═════ RECORDS ═════
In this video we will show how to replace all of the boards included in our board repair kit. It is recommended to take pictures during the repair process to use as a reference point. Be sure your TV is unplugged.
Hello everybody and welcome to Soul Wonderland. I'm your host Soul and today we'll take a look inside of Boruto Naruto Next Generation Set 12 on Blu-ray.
═════
═════ RECORDS ═════
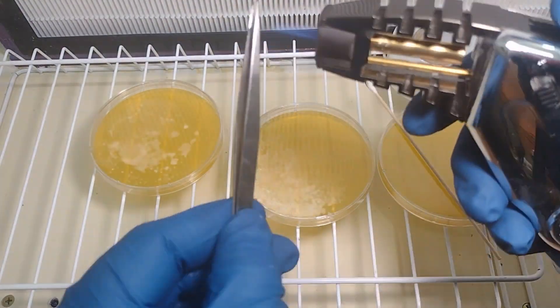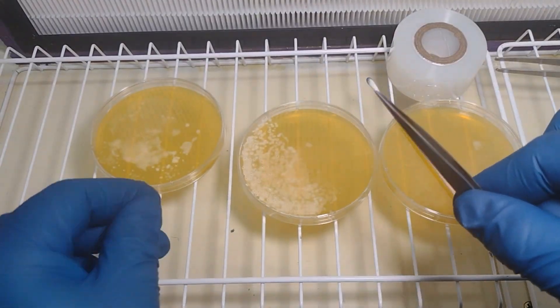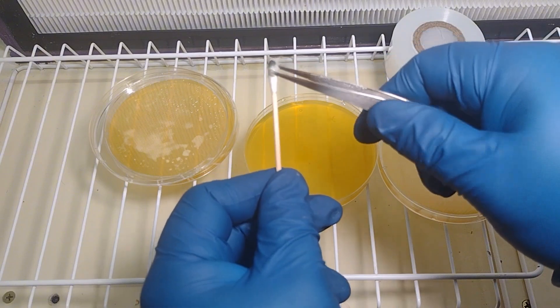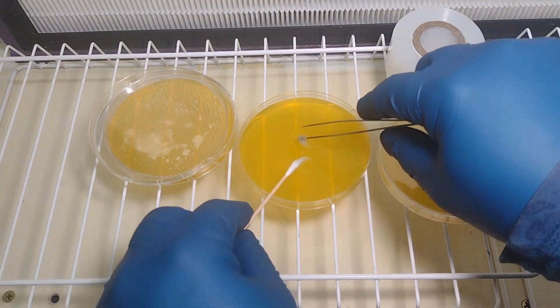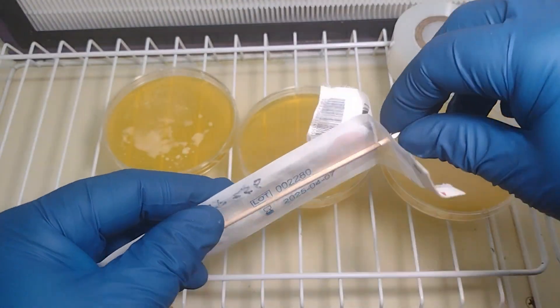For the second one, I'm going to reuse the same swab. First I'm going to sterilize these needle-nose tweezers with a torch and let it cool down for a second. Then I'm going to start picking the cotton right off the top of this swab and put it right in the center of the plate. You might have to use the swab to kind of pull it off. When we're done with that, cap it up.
═════
═════ RECORDS ═════
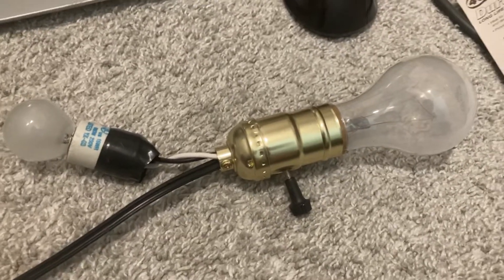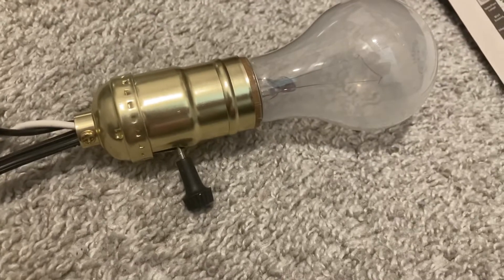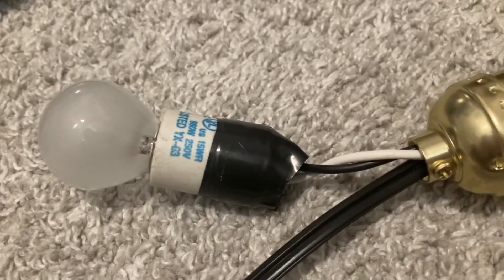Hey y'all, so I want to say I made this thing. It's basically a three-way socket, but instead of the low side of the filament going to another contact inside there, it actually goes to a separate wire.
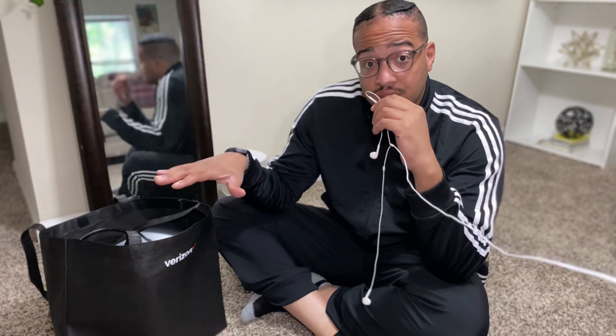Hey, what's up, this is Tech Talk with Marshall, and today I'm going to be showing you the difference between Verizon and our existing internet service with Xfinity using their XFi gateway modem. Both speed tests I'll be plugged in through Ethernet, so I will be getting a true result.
═════
_WHAT TO WORK ON_. All lines in the listing above between the line with "In this video" and the line with "Hello everybody and", inclusive, should be set down exactly, and no line outside that range.

_ANSWER BOX_.
In this video we will show how to replace all of the boards included in our board repair kit. It is recommended to take pictures during the repair process to use as a reference point. Be sure your TV is unplugged.
Hello everybody and welcome to Soul Wonderland. I'm your host Soul and today we'll take a look inside of Boruto Naruto Next Generation Set 12 on Blu-ray.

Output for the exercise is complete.